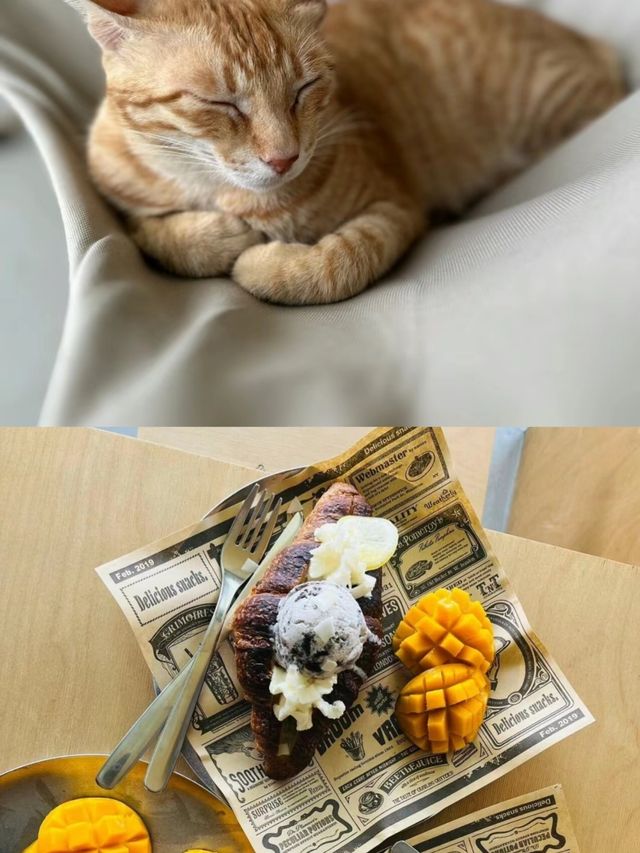 也能找到性價比超高的海邊度假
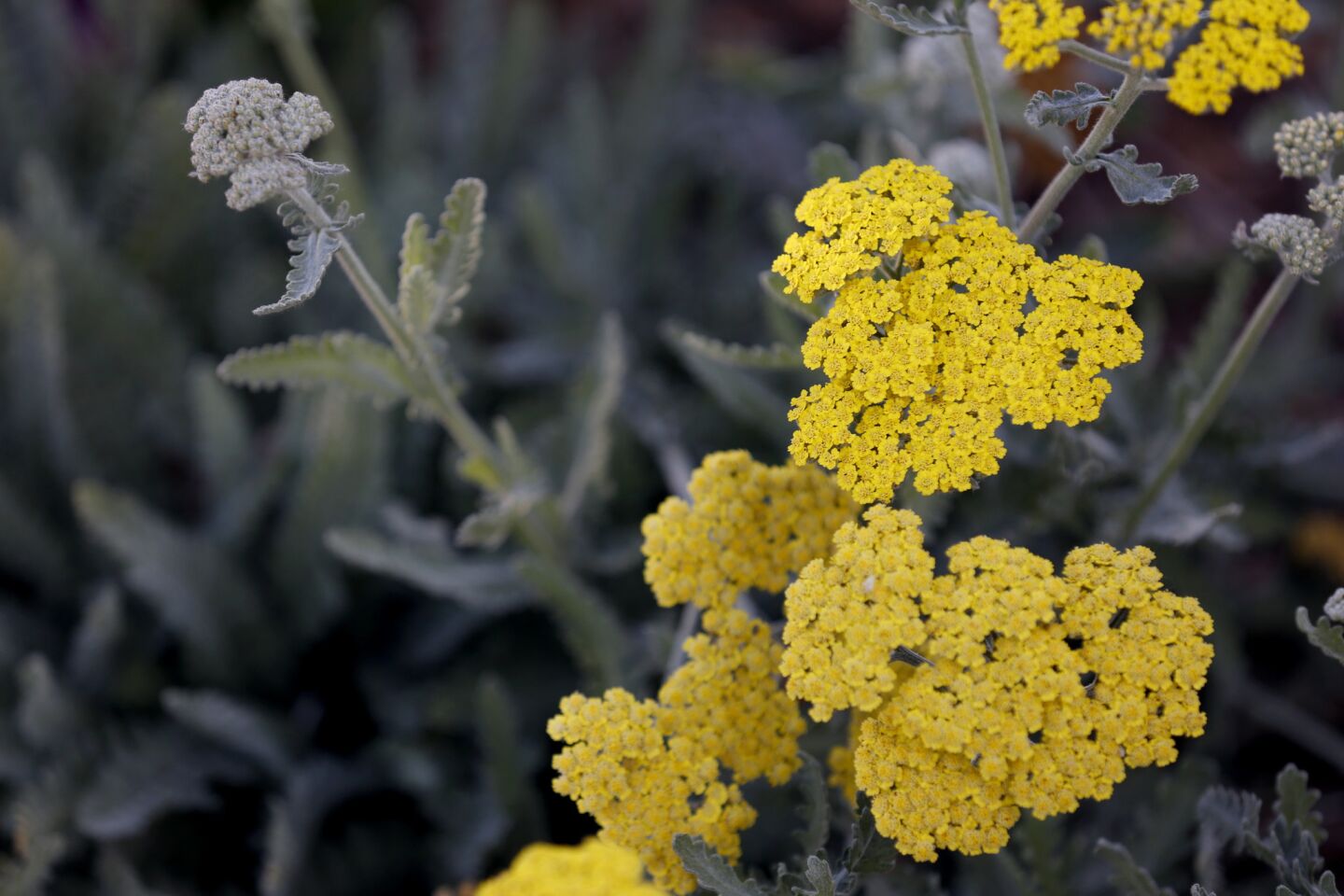 Yellow yarrow adds to the natural look of the Glaser's new garden.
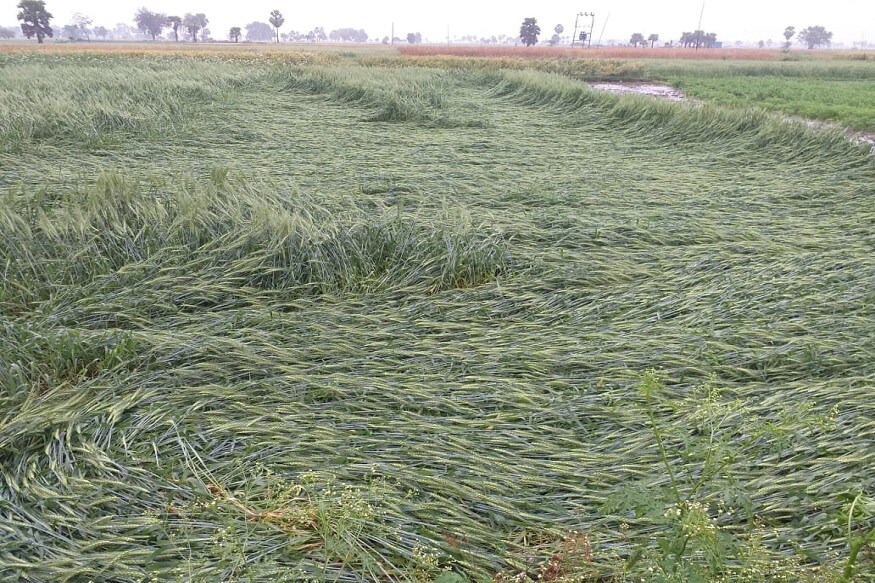 PMFBY, प्रधानमंत्री फसल बीमा योजना, Pradhan Mantri Fasal Bima Yojana, Kisan Credit Card, किसान क्रेडिट कार्ड, kheti-kisani, खेती-किसानी, crop insurance scheme, farmers, किसान, kisan, ministry of agriculture, कृषि मंत्रालय, modi government, मोदी सरकार, lockdown, covid-19, कोविड-19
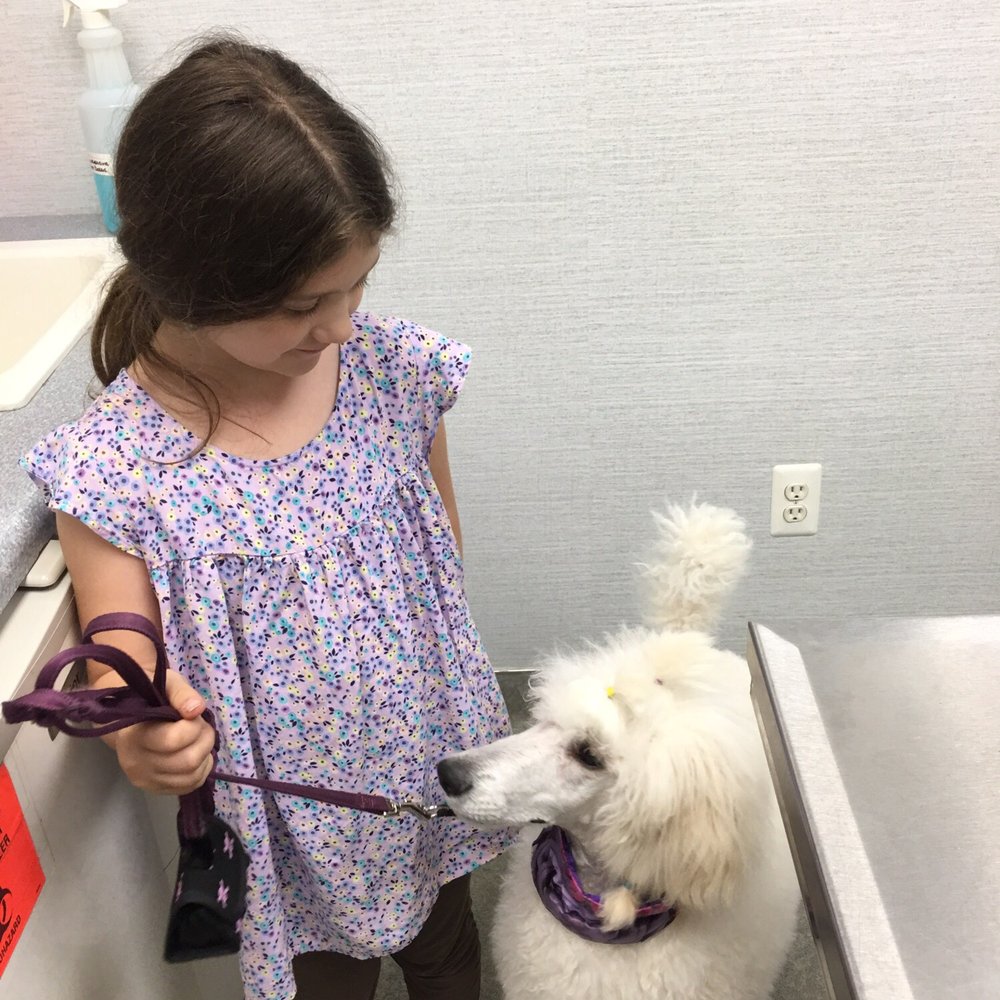 Park Veterinary Group - Daughter holding standard poodle puppy at visit. Very accommodating of all 4 of my children also! - Veterinarians Near Me - Roselle Park, New Jersey Park Veterinary Group - Daughter holding standard poodle puppy at visit. Very accommodating of all 4 of my children also! - Veterinarians Near Me - Roselle Park, New Jersey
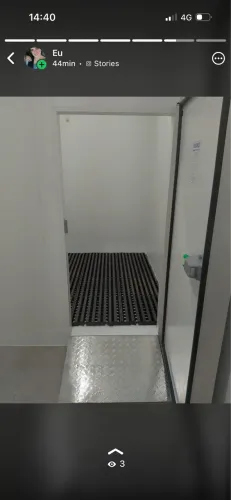 Canária Fria Congelada sob Medida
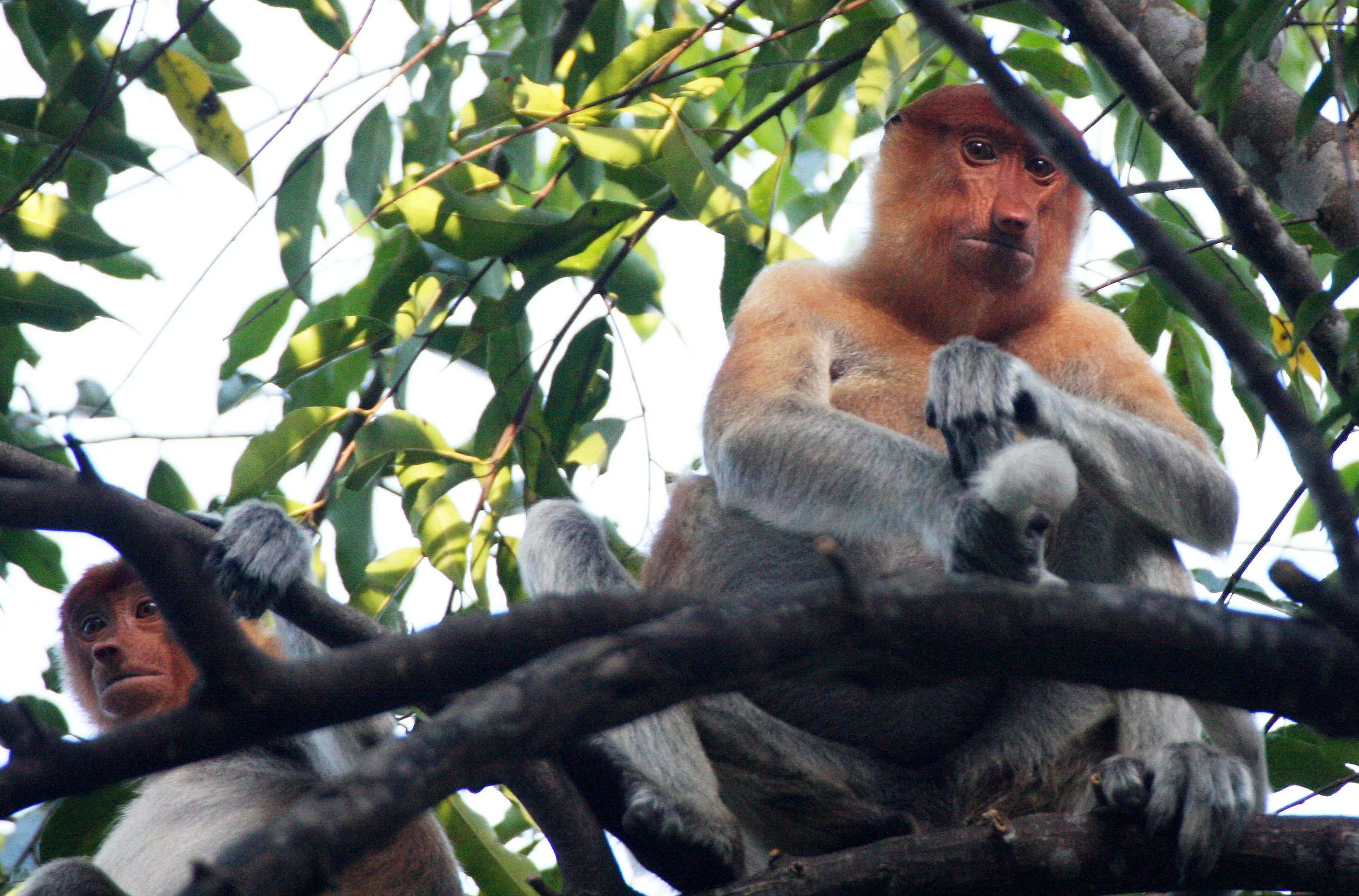 CERCOPITHECIDAE - Nasalis larvatus -PROBOSCIS MONKEY TROOP - KINABATANGAN RIVER BORNEO  (36).JPG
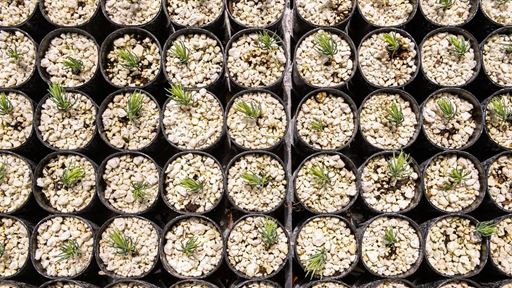 IMAGE DESCRIPTION Rows of tree seedlings in small pots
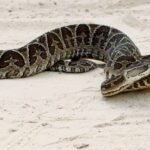 Rivera: una mujer fue hospitalizada tras ser mordida por una serpiente venenosa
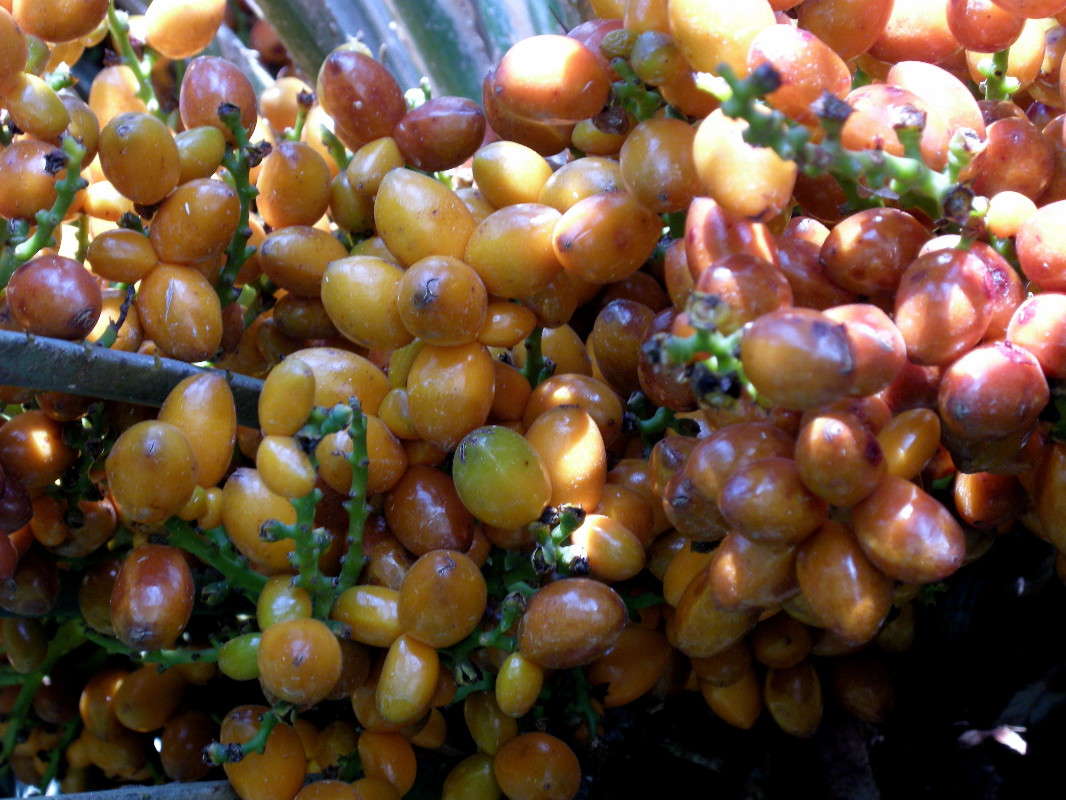 ������(5) ����� ������� �������� �� PhotoGeek.ru #����� ��������������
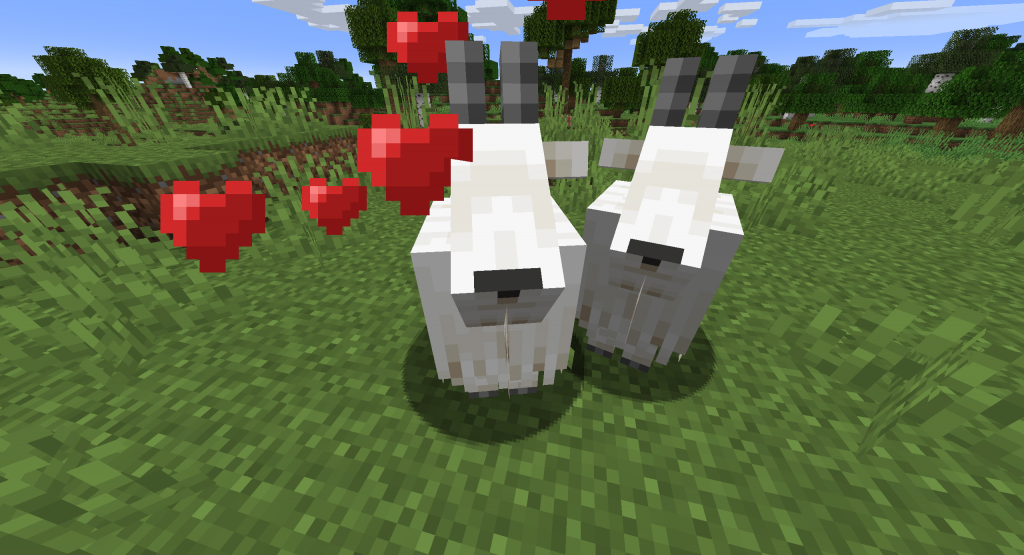 Rozmnażanie kóz w Minecraft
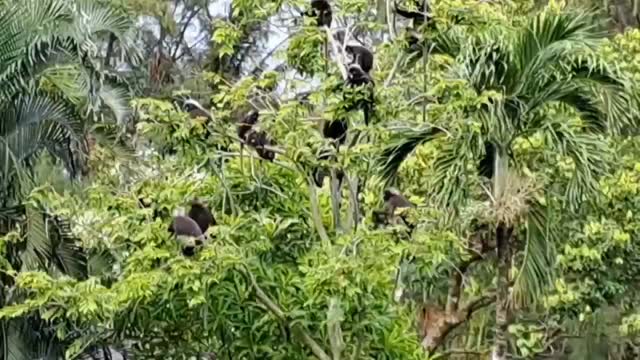 อุทยานแห่งชาติตะรุเตา-จังหวัดสตูล-เปิดคลิปแก๊งค่างแว่นถิ่นใต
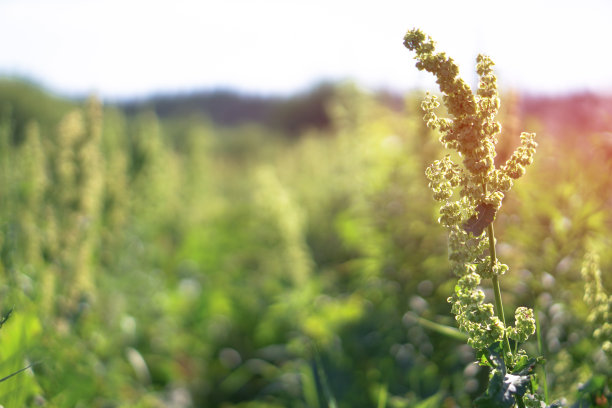 绿色田野上不同的杂草。草地，牧场在春天的一个阳光明媚的日子。股票的背景,照片图片下载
● ● ● ● ● ● ●
What is being asked:
Only the lines from the one containing "PhotoGeek.ru #����� ��������������" through the end of the records are wanted, set down exactly and without their pictures.

Answer to the exercise:
 ������(5) ����� ������� �������� �� PhotoGeek.ru #����� ��������������
 Rozmnażanie kóz w Minecraft
 อุทยานแห่งชาติตะรุเตา-จังหวัดสตูล-เปิดคลิปแก๊งค่างแว่นถิ่นใต
 绿色田野上不同的杂草。草地，牧场在春天的一个阳光明媚的日子。股票的背景,照片图片下载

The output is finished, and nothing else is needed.